0

I have been refactoring (while learning) some existing hand massaged date parsing routines with Boost Spirit. My main aim has been to try to do a single and unified interface to be able to parse dates represented in multiple different ways. Previously I have had multiple different function signatures to transform various different date formats (such as parseDateYYYYMMDD and parseDateDDMMYYYY, or parseDateStrangeFormatXYZ) to domain specific date objects. With Spirit it seems I can build a master grammar that is able to combine all these formats together and there would be just a single parseDate

Unfortunately when I have been comparing the performance the Boost Spirit implementation with the hand massaged code the performance is around 5 times slower (64-bit build in Release mode) even with the most usual date format YYYY-MM-dd hh:mm:ss.zzz that should not have to do any back tracking. I would hope I could get at least into par with the old code. I would like to receive some feedback is there major room for improvement to improve the grammar (and possible the AST) in such a way that it is optimal for performance.

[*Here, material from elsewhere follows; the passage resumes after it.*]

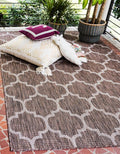 Unique Loom Outdoor Trellis Collection Area Rug by UniqueLoom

Currently I assemble the date parts to a vector and once parser succeeds I attach a semantic action to construct the Date objects with the components gathered from the vector. Maybe one weak spot is the vector here? Is there possible a lot of allocation/deallocation within the grammar?

My Date objects have to constructors

// Date without time part
Date(Day d, Month m, Year y)
// Date with time part
Date(Day d, Month m, Year y, Size hours, Size minutes, Size seconds)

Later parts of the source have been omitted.